What is being asked :: Reproduce the data that follows precisely.

Dataset records ::
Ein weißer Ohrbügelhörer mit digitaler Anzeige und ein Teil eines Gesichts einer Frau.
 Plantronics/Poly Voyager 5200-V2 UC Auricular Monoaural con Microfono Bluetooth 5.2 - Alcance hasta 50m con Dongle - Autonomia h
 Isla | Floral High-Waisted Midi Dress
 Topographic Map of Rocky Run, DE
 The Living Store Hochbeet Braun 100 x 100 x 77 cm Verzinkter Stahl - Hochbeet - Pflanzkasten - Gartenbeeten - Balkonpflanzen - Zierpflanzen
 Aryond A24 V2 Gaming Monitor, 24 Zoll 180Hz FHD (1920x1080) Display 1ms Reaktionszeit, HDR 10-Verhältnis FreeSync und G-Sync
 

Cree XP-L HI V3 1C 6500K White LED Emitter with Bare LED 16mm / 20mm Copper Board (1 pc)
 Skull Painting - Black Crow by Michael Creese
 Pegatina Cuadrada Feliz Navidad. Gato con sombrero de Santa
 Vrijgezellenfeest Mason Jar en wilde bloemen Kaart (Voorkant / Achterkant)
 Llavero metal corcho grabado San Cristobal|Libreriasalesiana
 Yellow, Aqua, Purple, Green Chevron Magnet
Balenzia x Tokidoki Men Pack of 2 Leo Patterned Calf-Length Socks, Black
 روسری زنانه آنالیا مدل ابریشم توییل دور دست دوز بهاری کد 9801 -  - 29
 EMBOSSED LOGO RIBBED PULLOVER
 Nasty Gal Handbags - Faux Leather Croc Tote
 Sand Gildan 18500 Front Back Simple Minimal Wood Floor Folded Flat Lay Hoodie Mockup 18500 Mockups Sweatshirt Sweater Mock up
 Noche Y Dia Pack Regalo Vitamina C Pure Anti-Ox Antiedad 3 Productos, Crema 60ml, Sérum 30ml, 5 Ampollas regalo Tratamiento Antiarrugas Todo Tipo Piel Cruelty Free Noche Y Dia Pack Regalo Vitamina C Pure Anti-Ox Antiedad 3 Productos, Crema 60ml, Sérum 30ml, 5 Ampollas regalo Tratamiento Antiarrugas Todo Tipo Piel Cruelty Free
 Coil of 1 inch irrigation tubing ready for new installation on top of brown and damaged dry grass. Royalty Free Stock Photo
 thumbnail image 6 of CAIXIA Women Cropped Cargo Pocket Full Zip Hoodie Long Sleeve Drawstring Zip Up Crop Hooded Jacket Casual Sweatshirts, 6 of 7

Exercise solution ::
Ein weißer Ohrbügelhörer mit digitaler Anzeige und ein Teil eines Gesichts einer Frau.
 Plantronics/Poly Voyager 5200-V2 UC Auricular Monoaural con Microfono Bluetooth 5.2 - Alcance hasta 50m con Dongle - Autonomia h
 Isla | Floral High-Waisted Midi Dress
 Topographic Map of Rocky Run, DE
 The Living Store Hochbeet Braun 100 x 100 x 77 cm Verzinkter Stahl - Hochbeet - Pflanzkasten - Gartenbeeten - Balkonpflanzen - Zierpflanzen
 Aryond A24 V2 Gaming Monitor, 24 Zoll 180Hz FHD (1920x1080) Display 1ms Reaktionszeit, HDR 10-Verhältnis FreeSync und G-Sync
 

Cree XP-L HI V3 1C 6500K White LED Emitter with Bare LED 16mm / 20mm Copper Board (1 pc)
 Skull Painting - Black Crow by Michael Creese
 Pegatina Cuadrada Feliz Navidad. Gato con sombrero de Santa
 Vrijgezellenfeest Mason Jar en wilde bloemen Kaart (Voorkant / Achterkant)
 Llavero metal corcho grabado San Cristobal|Libreriasalesiana
 Yellow, Aqua, Purple, Green Chevron Magnet
Balenzia x Tokidoki Men Pack of 2 Leo Patterned Calf-Length Socks, Black
 روسری زنانه آنالیا مدل ابریشم توییل دور دست دوز بهاری کد 9801 -  - 29
 EMBOSSED LOGO RIBBED PULLOVER
 Nasty Gal Handbags - Faux Leather Croc Tote
 Sand Gildan 18500 Front Back Simple Minimal Wood Floor Folded Flat Lay Hoodie Mockup 18500 Mockups Sweatshirt Sweater Mock up
 Noche Y Dia Pack Regalo Vitamina C Pure Anti-Ox Antiedad 3 Productos, Crema 60ml, Sérum 30ml, 5 Ampollas regalo Tratamiento Antiarrugas Todo Tipo Piel Cruelty Free Noche Y Dia Pack Regalo Vitamina C Pure Anti-Ox Antiedad 3 Productos, Crema 60ml, Sérum 30ml, 5 Ampollas regalo Tratamiento Antiarrugas Todo Tipo Piel Cruelty Free
 Coil of 1 inch irrigation tubing ready for new installation on top of brown and damaged dry grass. Royalty Free Stock Photo
 thumbnail image 6 of CAIXIA Women Cropped Cargo Pocket Full Zip Hoodie Long Sleeve Drawstring Zip Up Crop Hooded Jacket Casual Sweatshirts, 6 of 7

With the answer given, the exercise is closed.